### [PROBLEM REQUIREMENTS]
Lines from the start of the data through the line containing "Bungalow - Segunda" must be given again exactly. Leave the others out.

### [Data items]
━━━━━━━━━━━━━━━━
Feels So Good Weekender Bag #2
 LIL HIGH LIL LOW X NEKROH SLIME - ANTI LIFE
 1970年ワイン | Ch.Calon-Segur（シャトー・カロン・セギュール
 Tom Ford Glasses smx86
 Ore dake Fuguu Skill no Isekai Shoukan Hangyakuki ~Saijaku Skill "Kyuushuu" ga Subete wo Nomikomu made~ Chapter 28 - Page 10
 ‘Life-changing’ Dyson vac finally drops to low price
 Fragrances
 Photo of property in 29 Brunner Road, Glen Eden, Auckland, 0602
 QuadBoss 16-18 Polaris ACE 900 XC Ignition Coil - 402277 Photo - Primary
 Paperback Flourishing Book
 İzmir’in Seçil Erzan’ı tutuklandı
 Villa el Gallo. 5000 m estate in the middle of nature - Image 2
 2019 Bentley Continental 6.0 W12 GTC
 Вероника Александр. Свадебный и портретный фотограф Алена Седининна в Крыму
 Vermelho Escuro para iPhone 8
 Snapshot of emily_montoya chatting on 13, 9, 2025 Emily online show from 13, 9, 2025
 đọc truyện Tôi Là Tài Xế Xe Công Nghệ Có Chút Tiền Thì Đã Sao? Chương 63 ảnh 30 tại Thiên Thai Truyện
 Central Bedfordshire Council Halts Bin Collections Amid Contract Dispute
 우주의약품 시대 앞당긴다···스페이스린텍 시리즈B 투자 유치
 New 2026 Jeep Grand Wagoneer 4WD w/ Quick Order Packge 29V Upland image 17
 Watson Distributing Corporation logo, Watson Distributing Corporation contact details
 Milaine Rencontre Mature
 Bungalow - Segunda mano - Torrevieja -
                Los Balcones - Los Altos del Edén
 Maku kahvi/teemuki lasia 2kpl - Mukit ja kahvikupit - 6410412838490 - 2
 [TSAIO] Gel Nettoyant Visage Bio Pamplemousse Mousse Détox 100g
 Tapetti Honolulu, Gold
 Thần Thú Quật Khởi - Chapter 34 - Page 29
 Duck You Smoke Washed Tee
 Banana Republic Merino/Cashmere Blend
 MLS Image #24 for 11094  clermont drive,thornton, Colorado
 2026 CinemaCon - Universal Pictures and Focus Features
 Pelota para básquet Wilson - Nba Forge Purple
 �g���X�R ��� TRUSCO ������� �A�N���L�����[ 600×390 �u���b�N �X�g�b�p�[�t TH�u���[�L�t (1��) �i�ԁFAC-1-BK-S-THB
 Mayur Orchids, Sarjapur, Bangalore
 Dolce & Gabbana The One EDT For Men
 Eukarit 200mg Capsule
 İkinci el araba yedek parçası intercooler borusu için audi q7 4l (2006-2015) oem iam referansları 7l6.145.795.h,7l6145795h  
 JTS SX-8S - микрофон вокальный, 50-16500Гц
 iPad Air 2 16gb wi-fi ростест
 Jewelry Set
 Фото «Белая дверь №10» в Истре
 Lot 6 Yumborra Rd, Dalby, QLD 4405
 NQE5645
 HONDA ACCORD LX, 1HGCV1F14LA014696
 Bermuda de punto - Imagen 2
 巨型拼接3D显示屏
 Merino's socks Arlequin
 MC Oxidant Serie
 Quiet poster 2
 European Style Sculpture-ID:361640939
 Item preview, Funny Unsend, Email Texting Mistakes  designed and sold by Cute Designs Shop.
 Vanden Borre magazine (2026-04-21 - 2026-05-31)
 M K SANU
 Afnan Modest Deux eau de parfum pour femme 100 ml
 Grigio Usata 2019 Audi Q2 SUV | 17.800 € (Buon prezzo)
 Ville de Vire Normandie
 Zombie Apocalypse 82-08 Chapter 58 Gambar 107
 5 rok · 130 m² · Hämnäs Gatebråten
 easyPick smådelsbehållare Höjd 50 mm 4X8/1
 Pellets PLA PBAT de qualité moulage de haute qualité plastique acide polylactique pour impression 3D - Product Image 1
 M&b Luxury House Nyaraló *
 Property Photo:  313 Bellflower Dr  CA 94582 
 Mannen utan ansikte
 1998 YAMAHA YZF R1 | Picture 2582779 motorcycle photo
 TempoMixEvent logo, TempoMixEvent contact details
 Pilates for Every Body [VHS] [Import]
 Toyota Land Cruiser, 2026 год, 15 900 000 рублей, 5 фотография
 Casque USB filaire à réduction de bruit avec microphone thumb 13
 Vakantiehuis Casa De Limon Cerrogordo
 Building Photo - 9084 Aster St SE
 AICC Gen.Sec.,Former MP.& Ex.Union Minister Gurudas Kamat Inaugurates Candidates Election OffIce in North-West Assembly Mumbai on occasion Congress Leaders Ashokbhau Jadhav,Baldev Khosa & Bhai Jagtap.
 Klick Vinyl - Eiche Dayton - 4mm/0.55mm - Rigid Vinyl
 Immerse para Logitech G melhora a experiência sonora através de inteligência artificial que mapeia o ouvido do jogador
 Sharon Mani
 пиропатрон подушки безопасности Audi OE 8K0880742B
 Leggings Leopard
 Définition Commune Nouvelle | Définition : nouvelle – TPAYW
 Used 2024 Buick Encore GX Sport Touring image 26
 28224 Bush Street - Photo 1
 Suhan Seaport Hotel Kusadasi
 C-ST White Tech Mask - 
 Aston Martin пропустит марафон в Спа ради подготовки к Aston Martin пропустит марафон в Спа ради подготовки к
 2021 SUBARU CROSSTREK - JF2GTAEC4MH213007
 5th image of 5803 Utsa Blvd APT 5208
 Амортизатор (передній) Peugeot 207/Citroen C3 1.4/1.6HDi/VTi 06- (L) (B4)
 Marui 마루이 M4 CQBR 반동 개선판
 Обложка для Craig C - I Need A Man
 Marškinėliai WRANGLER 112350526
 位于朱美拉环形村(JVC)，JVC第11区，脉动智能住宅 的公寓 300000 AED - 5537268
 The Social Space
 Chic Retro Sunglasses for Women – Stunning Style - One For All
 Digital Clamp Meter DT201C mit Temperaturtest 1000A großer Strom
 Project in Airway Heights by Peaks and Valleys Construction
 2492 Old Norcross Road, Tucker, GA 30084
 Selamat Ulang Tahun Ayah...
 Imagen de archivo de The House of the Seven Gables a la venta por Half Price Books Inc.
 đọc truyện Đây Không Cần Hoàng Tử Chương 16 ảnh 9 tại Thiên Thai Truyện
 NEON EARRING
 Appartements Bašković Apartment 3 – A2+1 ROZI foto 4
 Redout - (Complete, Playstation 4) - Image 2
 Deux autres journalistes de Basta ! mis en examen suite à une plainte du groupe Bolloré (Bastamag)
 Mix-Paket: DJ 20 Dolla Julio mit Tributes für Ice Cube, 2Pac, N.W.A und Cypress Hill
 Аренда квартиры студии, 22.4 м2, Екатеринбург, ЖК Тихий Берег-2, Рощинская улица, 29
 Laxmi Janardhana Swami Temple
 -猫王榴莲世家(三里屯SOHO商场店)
━━━━━━━━━━━━━━━━
### [OUTPUT FOR THIS EXERCISE]
Feels So Good Weekender Bag #2
 LIL HIGH LIL LOW X NEKROH SLIME - ANTI LIFE
 1970年ワイン | Ch.Calon-Segur（シャトー・カロン・セギュール
 Tom Ford Glasses smx86
 Ore dake Fuguu Skill no Isekai Shoukan Hangyakuki ~Saijaku Skill "Kyuushuu" ga Subete wo Nomikomu made~ Chapter 28 - Page 10
 ‘Life-changing’ Dyson vac finally drops to low price
 Fragrances
 Photo of property in 29 Brunner Road, Glen Eden, Auckland, 0602
 QuadBoss 16-18 Polaris ACE 900 XC Ignition Coil - 402277 Photo - Primary
 Paperback Flourishing Book
 İzmir’in Seçil Erzan’ı tutuklandı
 Villa el Gallo. 5000 m estate in the middle of nature - Image 2
 2019 Bentley Continental 6.0 W12 GTC
 Вероника Александр. Свадебный и портретный фотограф Алена Седининна в Крыму
 Vermelho Escuro para iPhone 8
 Snapshot of emily_montoya chatting on 13, 9, 2025 Emily online show from 13, 9, 2025
 đọc truyện Tôi Là Tài Xế Xe Công Nghệ Có Chút Tiền Thì Đã Sao? Chương 63 ảnh 30 tại Thiên Thai Truyện
 Central Bedfordshire Council Halts Bin Collections Amid Contract Dispute
 우주의약품 시대 앞당긴다···스페이스린텍 시리즈B 투자 유치
 New 2026 Jeep Grand Wagoneer 4WD w/ Quick Order Packge 29V Upland image 17
 Watson Distributing Corporation logo, Watson Distributing Corporation contact details
 Milaine Rencontre Mature
 Bungalow - Segunda mano - Torrevieja -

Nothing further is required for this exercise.